● **TASK DESCRIPTION**
Set down the whole listing below exactly, without pictures.

● **DATA SECTION**
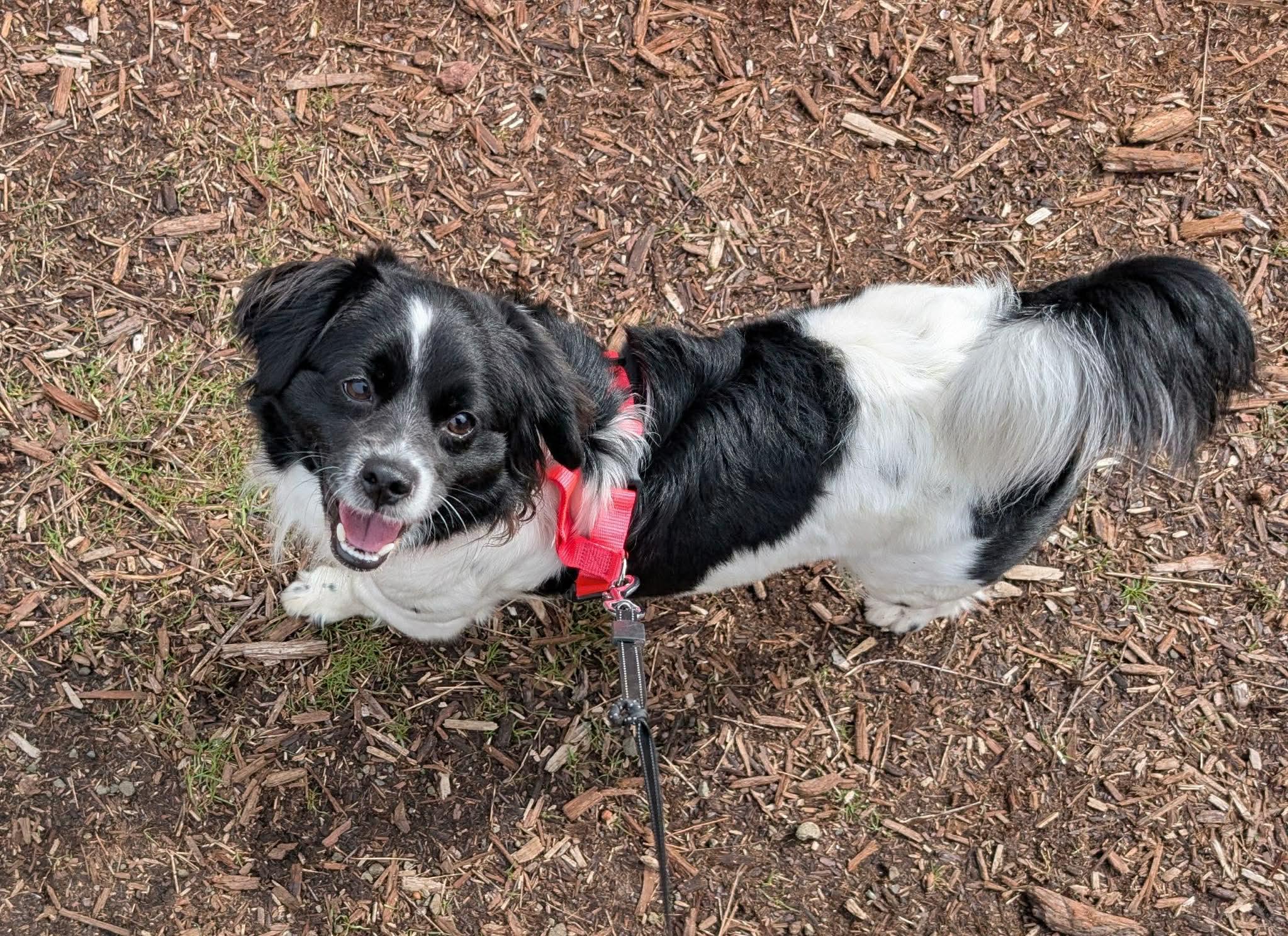 Enlarge Roxy, an adopted mixed breed in Roseburg, OR image 5/6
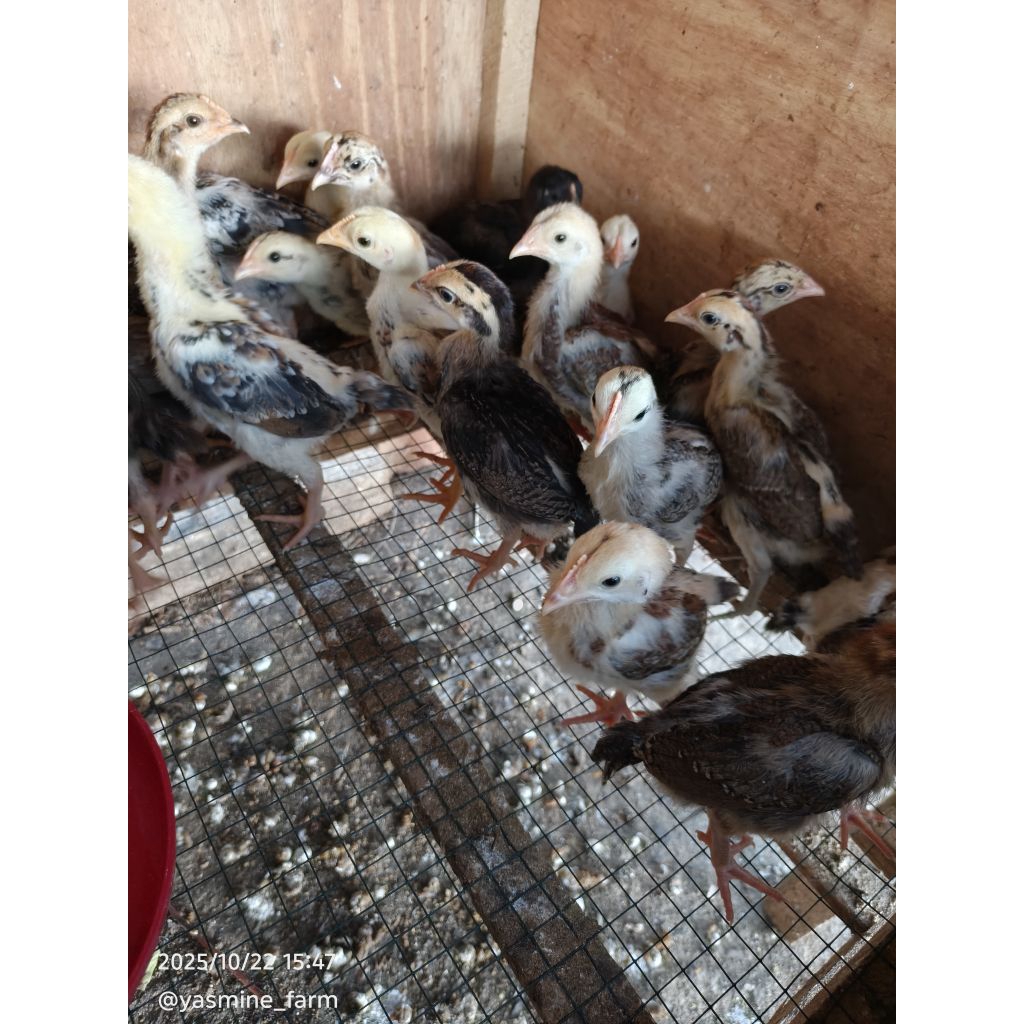 DOC/BIBIT AYAM KAMPUNG UNGGUL SUPER / KUB 2 kaki kuning (Sudah di vaksin) By PT INTAMA TAAT ANUGERAH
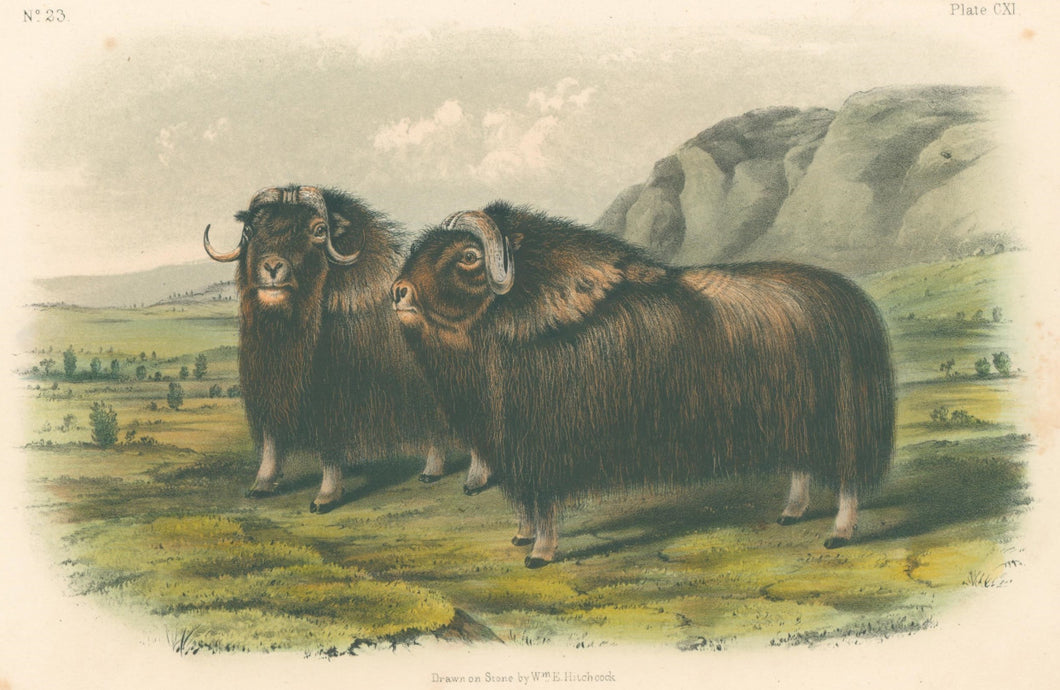 Audubon, John James “Musk Ox.”  Plate 111.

● **COMPLETED EXERCISE**
 Enlarge Roxy, an adopted mixed breed in Roseburg, OR image 5/6
 DOC/BIBIT AYAM KAMPUNG UNGGUL SUPER / KUB 2 kaki kuning (Sudah di vaksin) By PT INTAMA TAAT ANUGERAH
 Audubon, John James “Musk Ox.”  Plate 111.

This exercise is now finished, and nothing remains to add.